BLVR: Do you ever feel it coming on now?

BP: When I do get anxiety, it’s usually when I’m lying to myself or when someone’s lying to me, I get that weird racy feeling. So I think some of these things are markers that we shouldn’t ignore, like calls from our soul. There’s a great book that absolutely saved me, The Care of the Soul by Thomas Moore. And he talks about the gifts of anxiety and depression and how they’re calls from your soul, telling you change your life, do something! Or move! Or you’re lying to yourself! So I’m grateful that I can recognize that.

II. An Addiction to Worry

BLVR: Do you think our society supports hypochondria?

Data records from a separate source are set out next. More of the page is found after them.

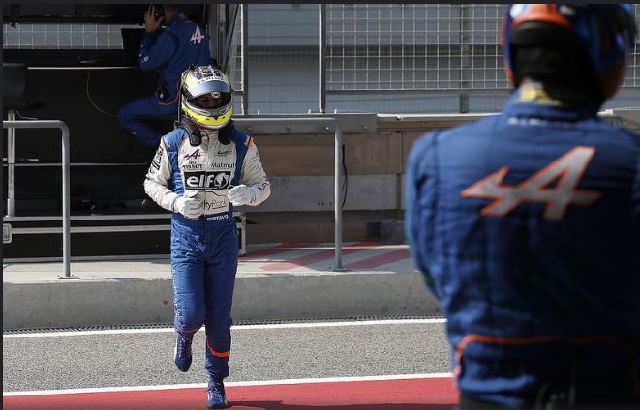 ALPINE CÉLÈBRE SES TITRES MONDIAUX 4 menezes-gustavo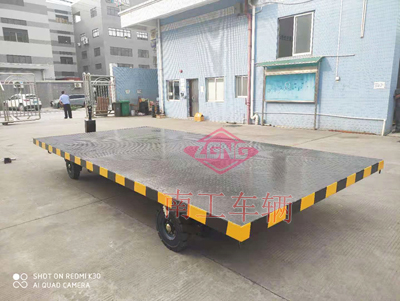 8吨全挂牵引式半岛（中国）1I.jpg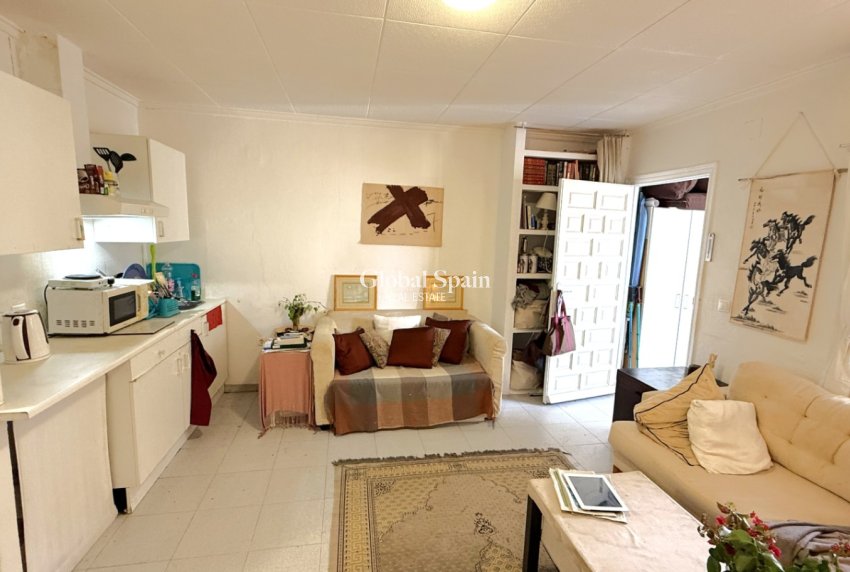 Wederverkoop - APPARTEMENT -
TORREVIEJA - Costa Blanca Sur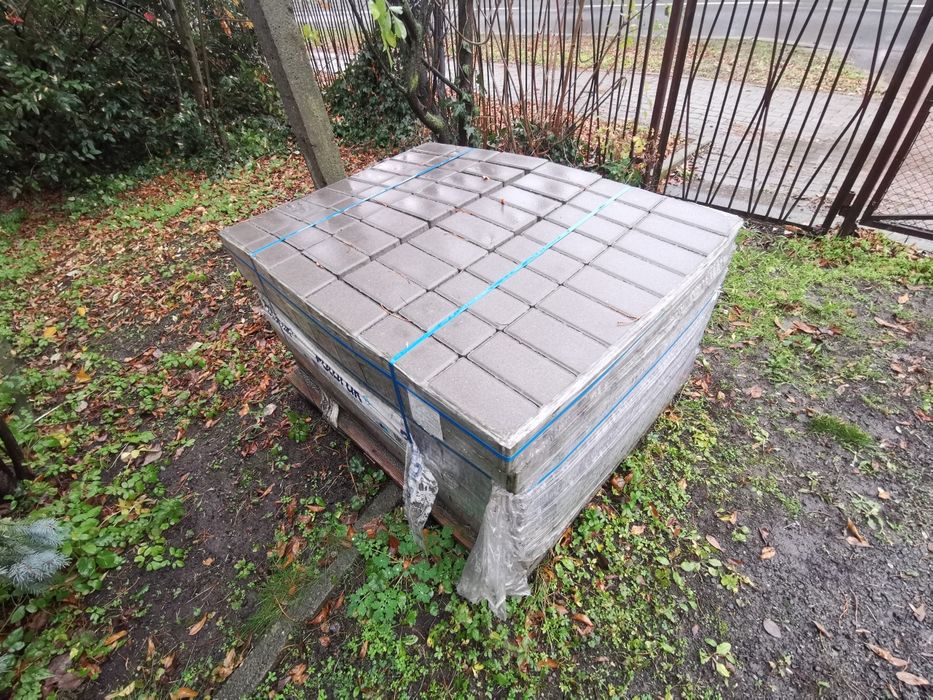 Kostka Brukowa POLBRUK 8 cm szara + grafit + obrzeża z mikrofazą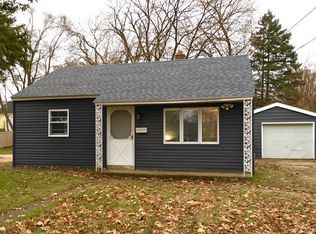 928 33rd St SW, Wyoming, MI 49509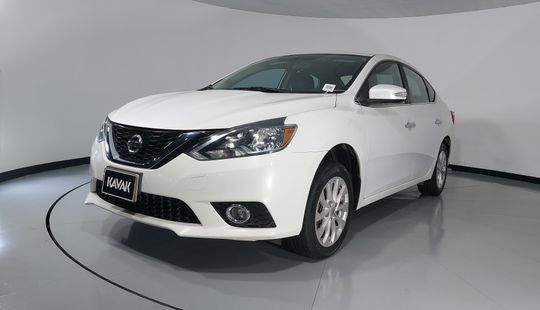 Nissan • Sentra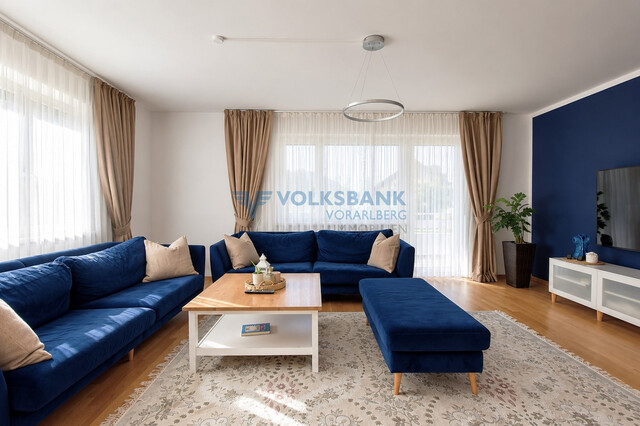 Toll aufgeteilte und lichtdurchflutete Wohnung in Hohenems!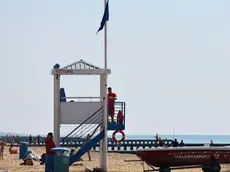 DE POLO - DINO TOMMASELLA - JESOLO - VEDUTE SPIAGGIA - PRENOTAZIONE SDRAI - SINDACO ZOGGIA - POSTO SOCCORSO E ALTANE BAGNINI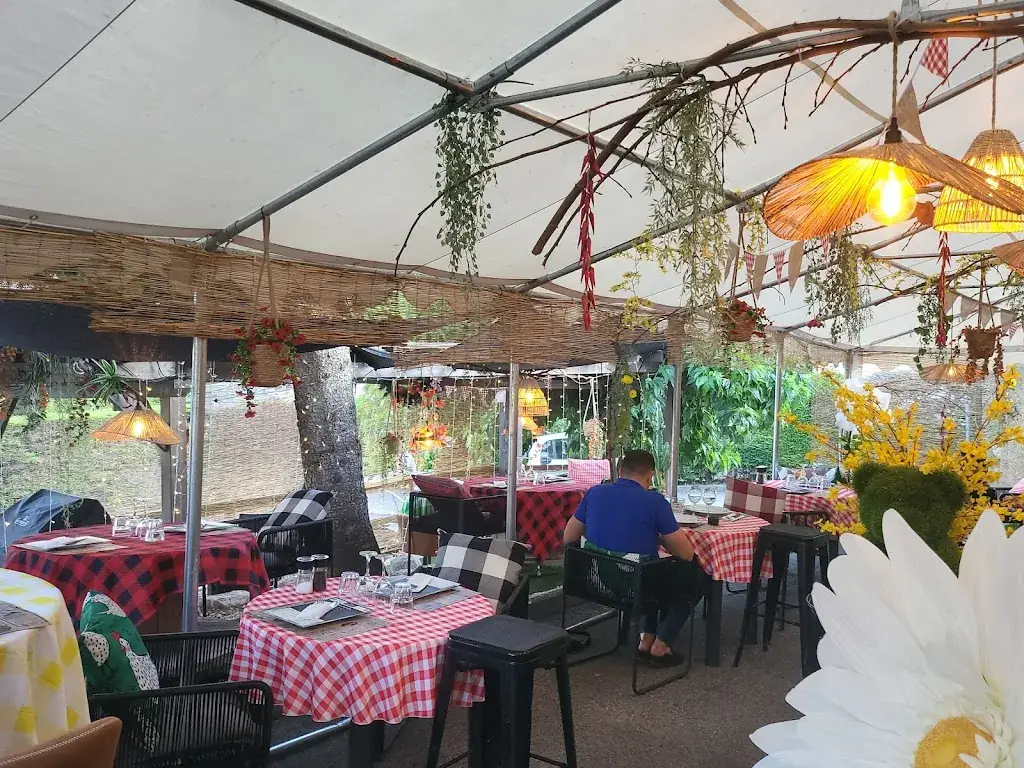 SHACK AND CO_Saint-Jeannet_slider_image_3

BP: Yes. I think we live in this weird culture where our victimhood and laziness are justified. My greatest generation grandparents didn’t have a very high tolerance for whining. It was all this idea that pull yourself up by your bootstraps, which is now seen as colonialist or Imperial. I mean, I understand where people are coming from when they say these things about victimhood, but in recovery they’ll always say, “play the tape forward.” And with a lot of the psychology that people are gravitating towards, with the ideology of victimhood and perpetually being offended and looking for problems everywhere—where does that lead you when you play the tape forward? 

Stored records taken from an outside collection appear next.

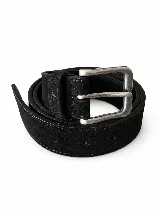 Cinto de cuero suede color negro con acabado aterciopelado, costuras decorativas en los bordes y hebilla metálica plateada de estilo clásico.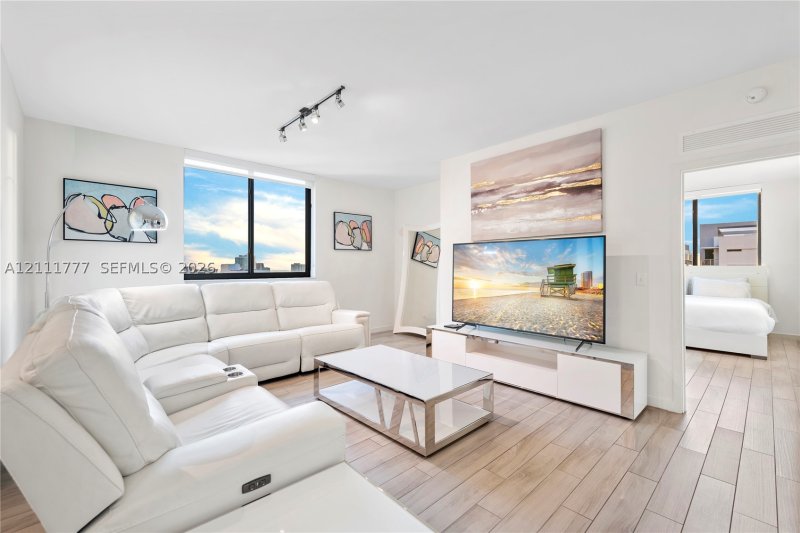 Condo for sale at Nine at Mary Brickell Village 2204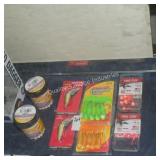 8 crappie lures/bait (display)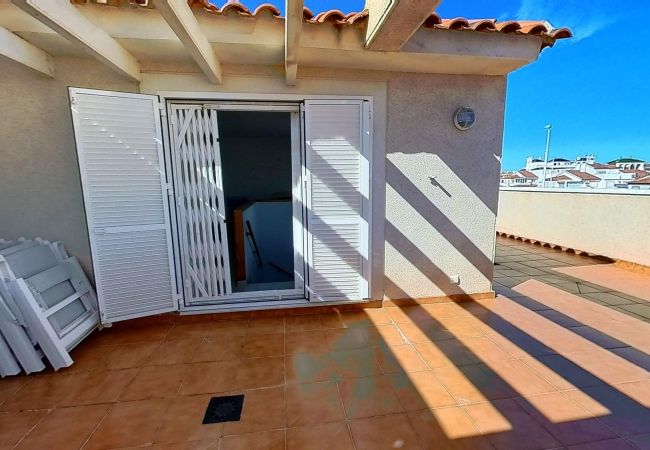 Bungalow i Orihuela Costa - Beautiful Zeniamar Corner with Communal Pool Bungalow i Orihuela Costa - Beautiful Zeniamar Corner with Communal Pool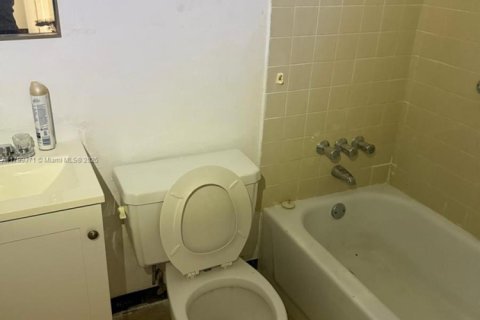 Apartment in Miami, Florida 3 bedrooms, 79.99 sq.m. № 2056866 - photo 4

BLVR: There are probably radically different ideas on where that leads. Some might say it leads to utopia or dystopia.

BP: Okay. Say all of that is true. Say everything is true. Say you came from a fucked up upbringing. Say that you had trauma in your life. There were things that were out of your control. Socioeconomic forces were out of your control. Forces in the culture were out of your control. Well, you still need to make a life. I realized that when I was nineteen in rehab. I remember sitting there and going, how the fuck did I get here? And realizing that it didn’t matter. It didn’t matter what my parents said. It didn’t matter what happened to me. It didn’t matter how I ended up there. I still had to figure out how to put one foot in front of the other and build a life. I think it’s a nihilistic destructive impulse that people seem addicted to right now. I mean, so let’s burn it all down! Well, we’re still gonna have to wake up and build something eventually.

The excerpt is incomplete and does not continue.